Jill Dumain, director of environmental strategy at Patagonia, was one of the people paying attention to all the news. In early 2015, she and the company's leadership decided to commission a study to find out if and how Patagonia's iconic and well-loved fleeces and some other synthetic products were contributing to the problem. The results recently came in, and they're not good.

The study, performed by graduate students at the Bren School of Environmental Science and Management at the University of California, Santa Barbara, found that during laundering, a single fleece jacket sheds as many as 250,000 synthetic fibers—significantly more than the 1,900 fibers Browne first recorded. Based on an estimate of consumers across the world laundering 100,000 Patagonia jackets each year, the amount of fibers being released into public waterways is equivalent to the amount of plastic in up to 11,900 grocery bags.

The experiment involved five pieces of apparel: three Patagonia fleece jackets, each with slightly different construction, as well as a nylon shell jacket that contains polyester insulation, plus a fifth specimen—a "budget" fleece jacket made by an undisclosed brand. Replicates of each jacket were washed multiple times, both in front-loading and top-loading washing machines.

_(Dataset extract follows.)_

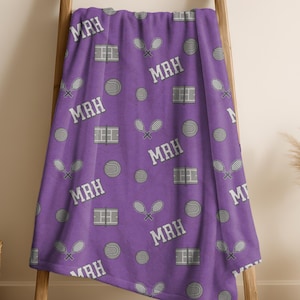 May include: A purple tennis-themed blanket draped over a wooden ladder. The blanket features a pattern of tennis balls, rackets, and court designs, along with the initials "MAH" in white. The blanket is a vibrant and sporty accessory.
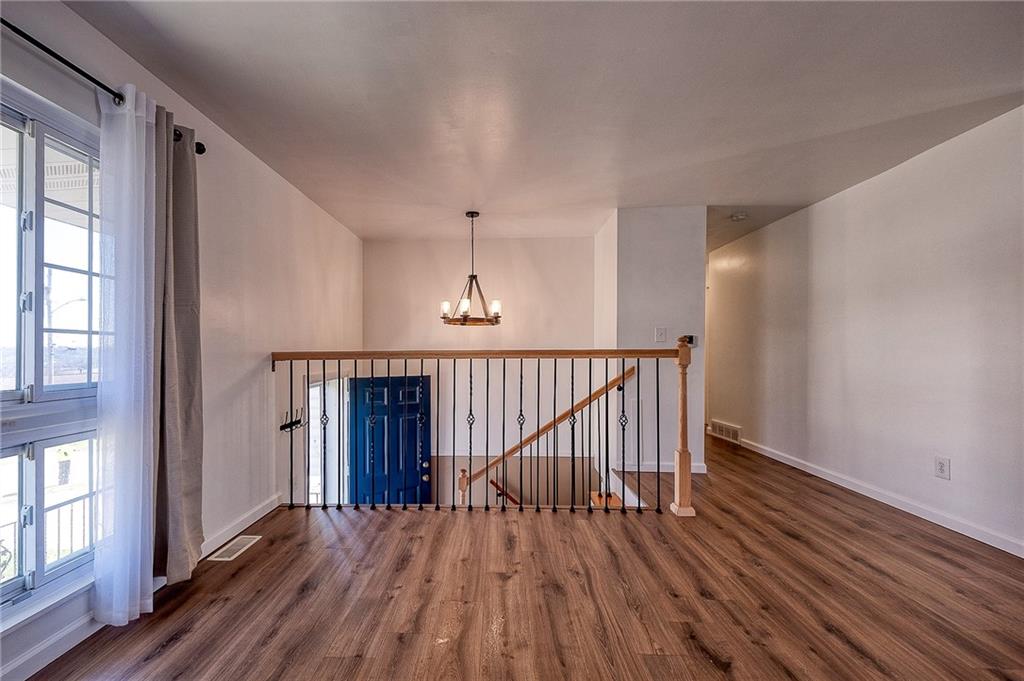 9871 Deerfield Drive Irwin, PA 15642 - Photo 10 of 35 wooden floor in an empty room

The effluent from each cycle was collected and put through a two-step filtration system that captured fibers with both a 333- and 20-micrometer mesh screen.

The jackets were then put through a 24-hour "killer wash," which Patagonia uses to simulate the aging of a garment. The researchers did this to test whether older garments might shed more fibers as they age. After repeating the washing tests on these artificially aged jackets, they saw that age indeed increases fiber release by 80 percent.